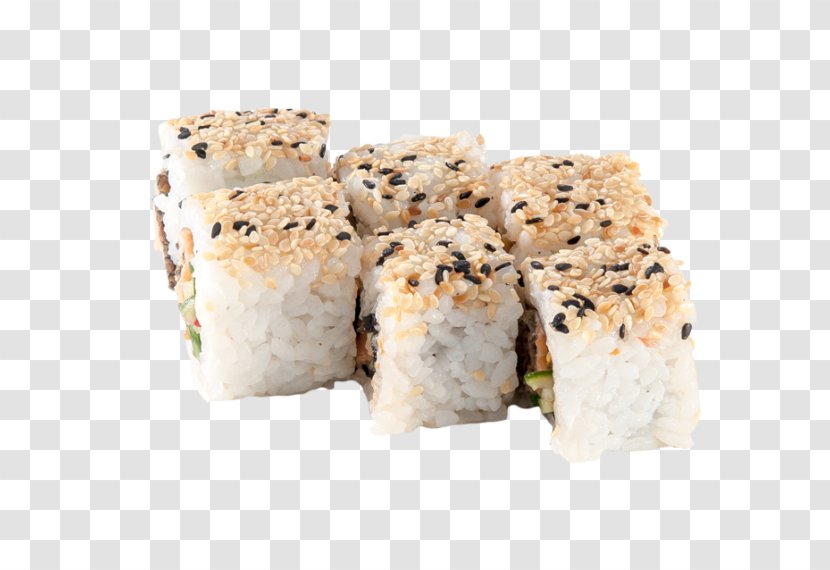 California Roll 09759 Sushi 07030 Side Dish - Japanese Cuisine Transparent PNG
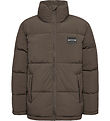 Hummel Winter Coat - HmlCrisp - Major Brown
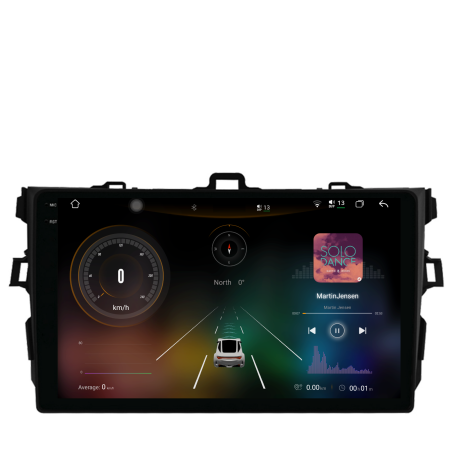 Navigatie Dedicata Toyota Corolla (2006-2013), 2K, 12Gb Ram, 256Gb Stocare, Carplay [1]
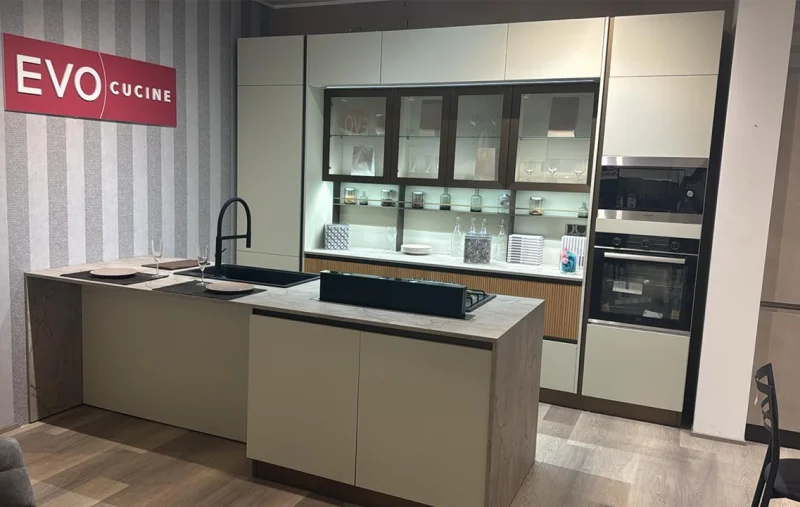 Cucina MICRA + KAORI - OFFERTA EVO CUCINE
####
Each line from the one with "Navigatie Dedicata Toyota" to the end of the material needs to be output word for word, with no picture included.

 Navigatie Dedicata Toyota Corolla (2006-2013), 2K, 12Gb Ram, 256Gb Stocare, Carplay [1]
 Cucina MICRA + KAORI - OFFERTA EVO CUCINE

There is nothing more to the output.